*Task to carry out*.
The reply should return the data in full, exactly as written.

[Stored data]
::::::::::
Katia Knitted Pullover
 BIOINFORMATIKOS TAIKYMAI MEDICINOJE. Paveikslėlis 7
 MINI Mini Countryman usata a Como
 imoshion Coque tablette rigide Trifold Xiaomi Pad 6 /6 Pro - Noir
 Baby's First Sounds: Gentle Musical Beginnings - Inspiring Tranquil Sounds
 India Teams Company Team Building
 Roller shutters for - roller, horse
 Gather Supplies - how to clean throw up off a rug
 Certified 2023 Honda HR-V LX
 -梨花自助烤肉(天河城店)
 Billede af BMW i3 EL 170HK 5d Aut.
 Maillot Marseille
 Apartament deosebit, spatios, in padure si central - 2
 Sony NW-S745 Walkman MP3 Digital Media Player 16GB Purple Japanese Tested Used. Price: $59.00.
::::::::::
*Response*.
Katia Knitted Pullover
 BIOINFORMATIKOS TAIKYMAI MEDICINOJE. Paveikslėlis 7
 MINI Mini Countryman usata a Como
 imoshion Coque tablette rigide Trifold Xiaomi Pad 6 /6 Pro - Noir
 Baby's First Sounds: Gentle Musical Beginnings - Inspiring Tranquil Sounds
 India Teams Company Team Building
 Roller shutters for - roller, horse
 Gather Supplies - how to clean throw up off a rug
 Certified 2023 Honda HR-V LX
 -梨花自助烤肉(天河城店)
 Billede af BMW i3 EL 170HK 5d Aut.
 Maillot Marseille
 Apartament deosebit, spatios, in padure si central - 2
 Sony NW-S745 Walkman MP3 Digital Media Player 16GB Purple Japanese Tested Used. Price: $59.00.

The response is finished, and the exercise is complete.